Problem — Output exactly, and only, the lines below from the one with "Latiao spicy gluten sticks 90g" down to the one with "Monster Reversible Bomber". Include both end lines and no pictures.

Data section —

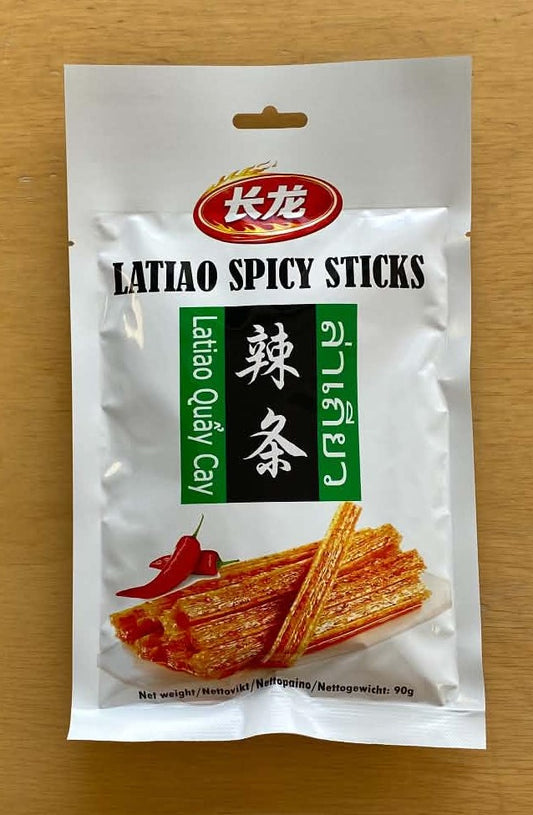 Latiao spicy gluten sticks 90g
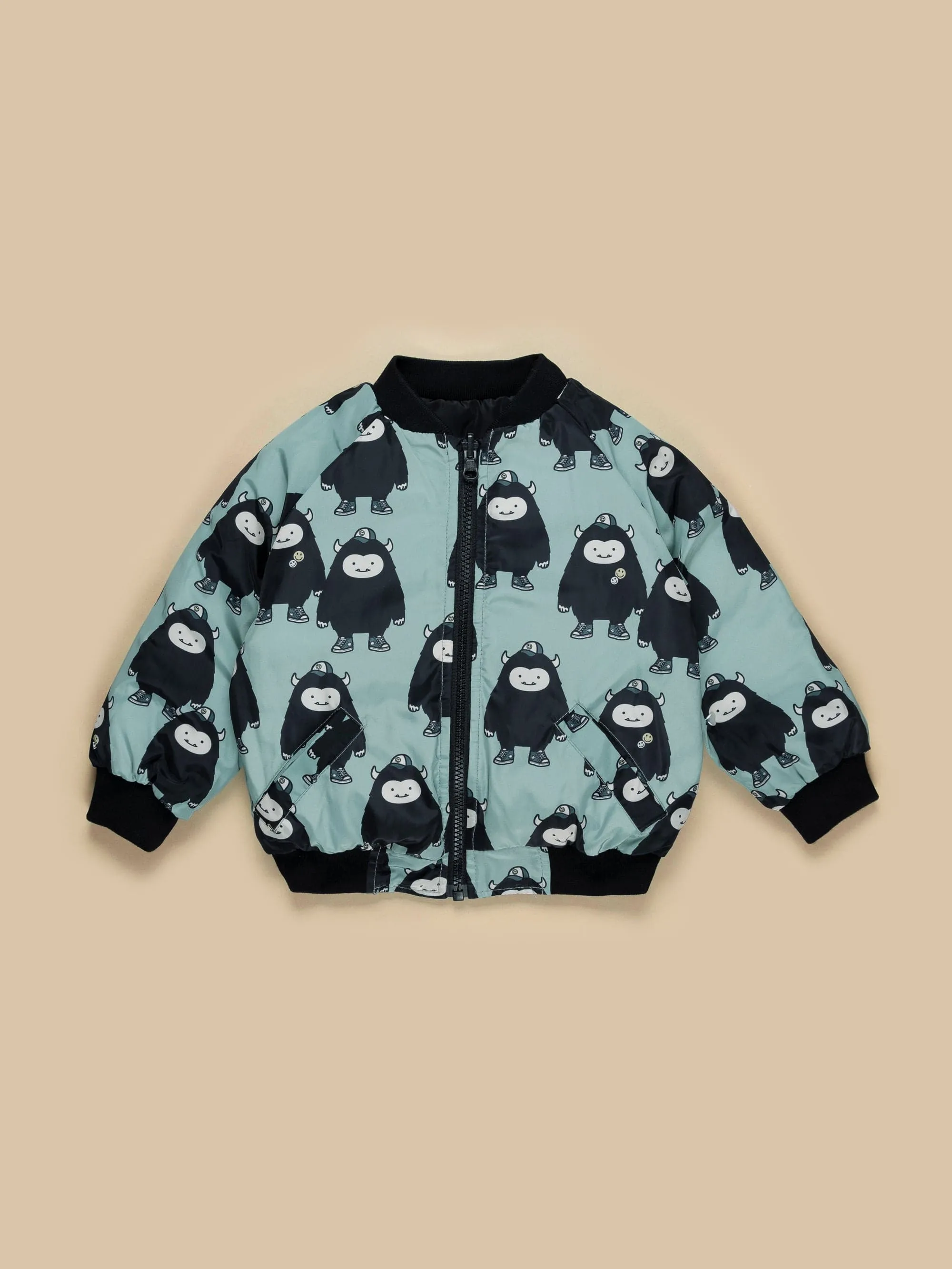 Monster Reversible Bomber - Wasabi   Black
---
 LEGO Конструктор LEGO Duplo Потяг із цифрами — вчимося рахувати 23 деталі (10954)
--
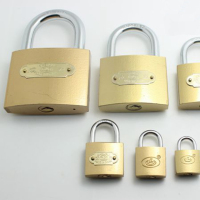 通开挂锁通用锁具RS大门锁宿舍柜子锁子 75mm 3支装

Solution to the problem —
 Latiao spicy gluten sticks 90g
 Monster Reversible Bomber - Wasabi   Black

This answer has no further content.